On distributed systems, operational messages in a user-readable format (such as queue manager started), are written to the error logs in the errors subdirectory of the queue manager directory.

FFST files

First Failure Support Technology (FFST) records are normally severe, unrecoverable errors, and indicate either a configuration problem with the system, or a WebSphere MQ internal error. FFST files are named AMQnnnnn.mm.FDC, where nnnnn is the ID of the process that is reporting the error, and mm is a sequence number.

On Windows, records are written to the install_dir\errors directory. Operational messages and FFST records are also written to the Event log.

On UNIX and Linux® systems, records are written to the /var/mqm/errors directory.
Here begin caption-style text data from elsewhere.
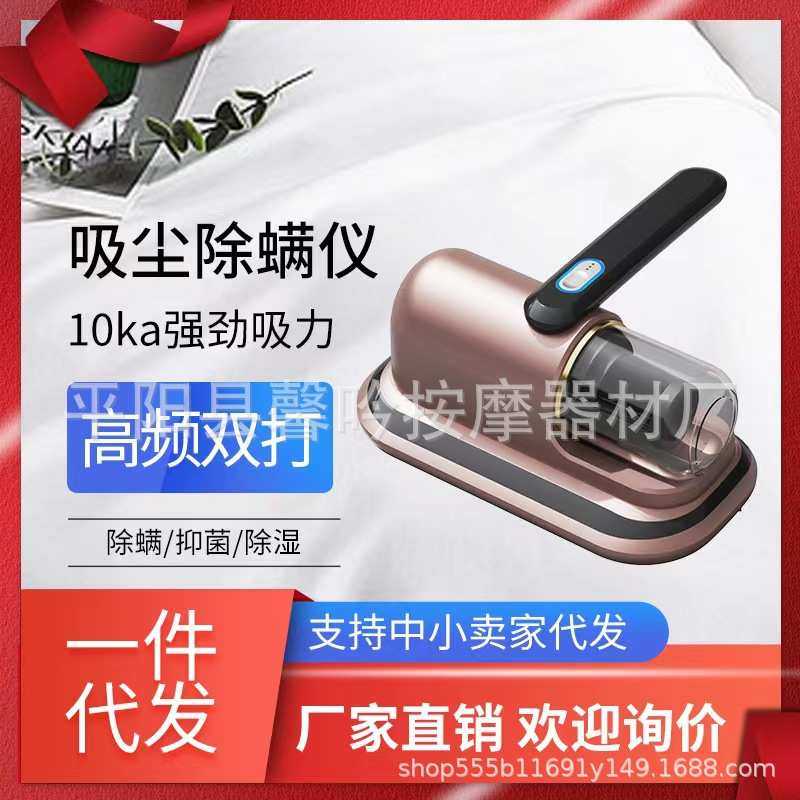 手持除螨仪床上家用去螨虫吸尘器紫外线杀细菌机小型无线一机多用
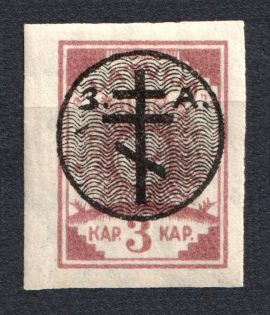 1919 3k Russia West Army, Russia Civil War (Signed)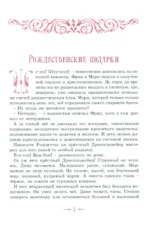Щелкунчик и другие волшебные сказки — изображение 5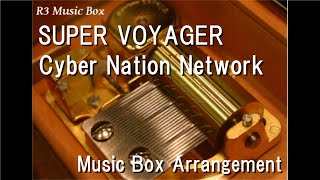 Super Voyager 歌詞 Cyber Nation Network ふりがな付 歌詞検索サイト Utaten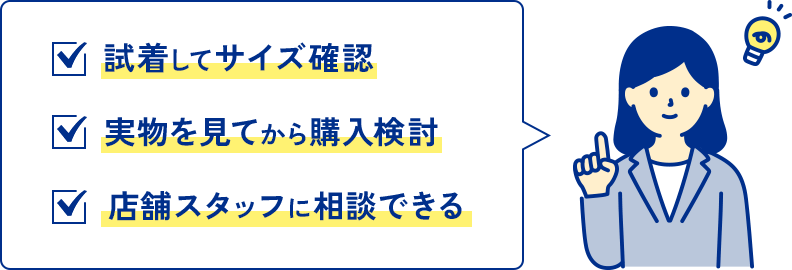 試着してサイズ確認 実物を見てから購入検討 店舗スタッフに相談できる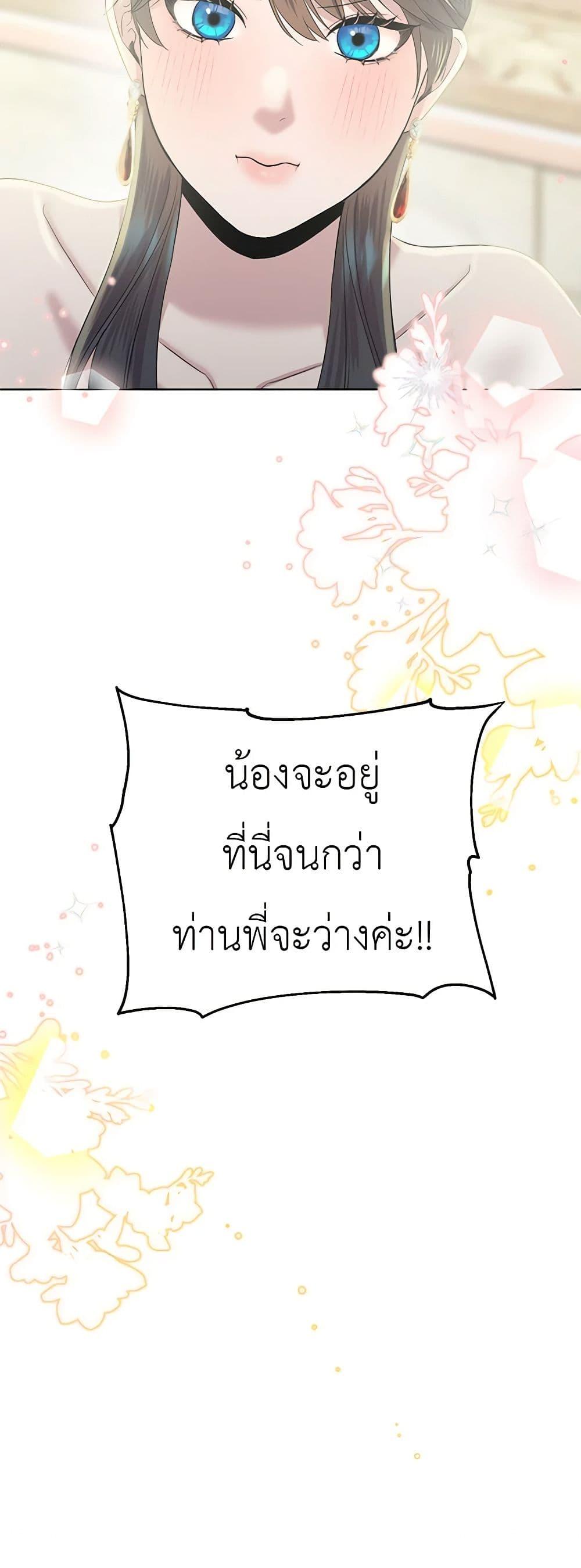 My Destiny, it’s time to get it back ตอนที่ 17 51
WebSphere MQ writes one line for each FFST containing the name of the FFST file to the syslog, but no operational messages.

WebSphere MQ events

WebSphere MQ provides information about errors, warnings, and other significant occurrences in queue managers in the form of instrumentation event messages.

You can activate event activity by using the MQSC or PCF interfaces in three areas:
  • Queue manager events
  • Performance events
  • Channel events

When active, these event messages are sent to event queues that can be monitored or triggered. You might find it appropriate to activate WebSphere MQ events when you are investigating the performance, or unexpected behavior, of your integration node network.